In one day, Friday, April 20, 2012, over 55 gigs of data was transferred (first picture). This was shortly after major media outlets started linking to the site as well as many of her friends tweeting the URL to celebrities (in one case, Rick Mercer retweeted it to his ~268,000 followers). The second picture shows the average hourly transfer rate (so the spike was between 8pm-9pm; 80-100M bits/sec).

Rick Mercer Retweet

I had been hosting all of the images and documents on my host, but after seeing how much traffic was being taken, I had to move the images to Imgur.com and documents/files to Dropbox (public folder). FYI, Dropbox allows 20 gigs/day of traffic for public links, and Imgur offers unlimited bandwidth (only requirement is your image(s) must receive a hit a day or else it’s deleted).

In terms of the actual page itself, it was a simple HTML page that I had designed to be client-based. If the site was server-based, my server wouldn’t have been able to handle the sheer server load.

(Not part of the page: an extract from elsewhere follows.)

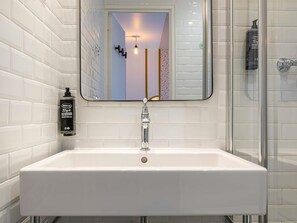 Premium bedding, pillow-top beds, blackout curtains, soundproofing - ibis Styles Paris Eiffel Cambronne (Paris)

I used Google’s API to load the latest news reports, Facebook’s API to integrate the Facebook page, and Twitter’s API for both the official Twitter account her friends had set up and for a feed that tracked the hash tag. (in short, the site centralized activity in the news, on Facebook and on Twitter)

I also learned of a tool Facebook provides: https://developers.facebook.com/tools/debug With this tool, I was able to refresh their cached “Share Link” copy of the site to change it from my host’s landing page to the actual site content itself.

A bit of social analysis, most hits to the site were at 6pm:

First bar is Thursday, April 19 (site was launched), second cyan bar is Friday, April 20 (things started picking up), third blue bar is Saturday, April 21 (decent amount of traffic for a weekend)

It’s not every day you are able to become a part of something of this scale: scalability, stress-testing, responsiveness and overall intuition are vital.